Harper's previous album, Diamonds On the Inside was criticized by some as being far too polished and perhaps as a reaction to this the album has a more raw and earthy feel to it. The white cd, which faces the metaphorical barrel of the gun, contains symphonic strings and acoustic guitar while the black cd, which holds the metaphorical handle of the gun, has more drums and electric guitar. Of course, this is a simplistic interpretation, as the highly eclectic Harper's love for music crosses the boundaries of genres from rock to jazz to funk to reggae to the blues. Indeed, Harper recently recorded the Grammy-winning There Will Be a Light with the Blind Boys of Alabama. Few musicians could move from gospel to an albums such as this with such ease as the maverick Harper does.
The first cd is the mellow Harper, the surfing Californian, the introspective poet, the existentialist, and the friend of Jack Johnson. The album opens with "Morning Yearning", a pleasant opening for a solid set. Next is "Waiting for You" a great song somewhat reminscent of Harper's awesome "Amen Omen" from Diamonds on the Inside. The cd continues with the slow pace which is held in place by Harper's soulful vocals and the soaring combinations of string quartets, guitar, bass and percussion. On the sedond-last track "Cryin' Won't Help You Now", Harper gives the Eccesiastical meaningless speech with the lyrics "Now your poets, Have all put down their pens, The only songs to sing, Are those sung again, Lonely just doesn't, Look good on you somehow . . ." For the sentimentalist Harper fortunately ends on a positive note with "Happy Everafter In Your Eyes," an ode to his soulmate, Laura Dern (?).

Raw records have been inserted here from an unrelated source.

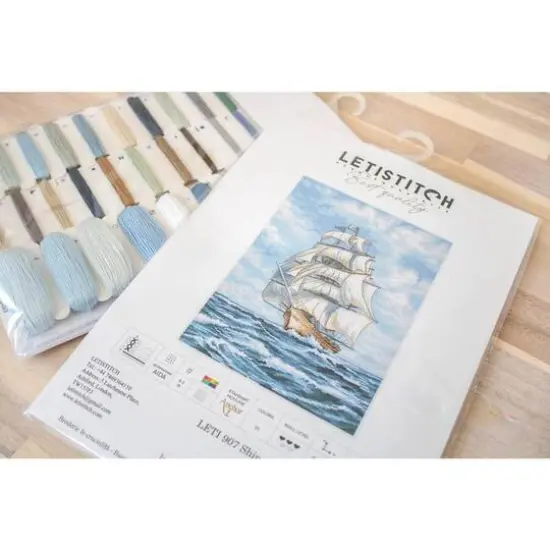 Letistitch Ship Counted Cross Stitch Kit {5}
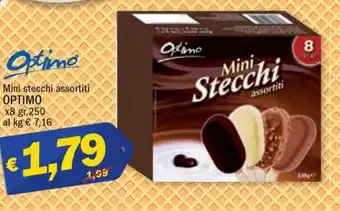 Ard Discount Optimo Mini stecchi assortiti x8 gr. 250 offerta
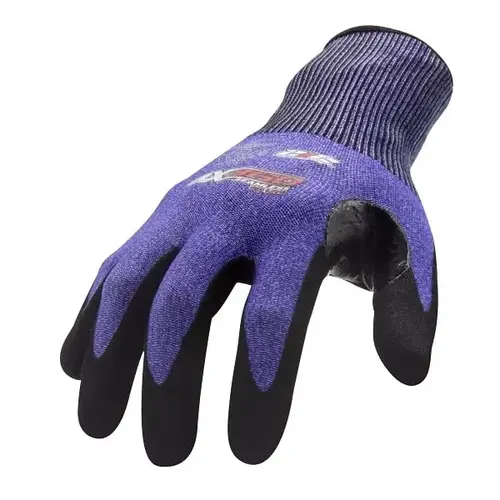 Seamless Knit Cut 3 Lite Gloves, Large, Blue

The second cd is the revolutionary Harper, the left coast activist, the fist-in-the-air protesting hippie, and the Peter Tosh fan. Green Day should be taking notes because this is how a real protest album sounds. In other words, you don't need to use saran wrap for your veiled references because intelligent fans understand subtlety. The cd opens with the sounds of the Middle East on "Better Way", a raw cut which effectively mixes Harper's Weissenborn with the Tambura. The title track "Both Sides of the Gun" is a funk-infused cut which doesn't just criticize the war but also reveals Harper's own confusion with the war: "Living these days is making me nervous, Archaic doctrine no longer serve us, Now we're left as silent witnesses, We don't know quite what this is, Other than a war that can't be won . . . One dimensional fool, In a three dimensional world. Politics, it's a drag, They put one foot in the grave, And the other on the flag . . . Living on both sides of the gun." Harper also angrily criticizes the response to Hurricane Katrina on the excellent "Black Rain" which ends with the revolutionary lyrics: "It won't be long 'till the people flood the streets, And take you down one and all, A black rain is gonna fall."
Both Sides of a Gun is an excellent album which I believe shows that Harper is not just another musician but on his way to becoming a legend.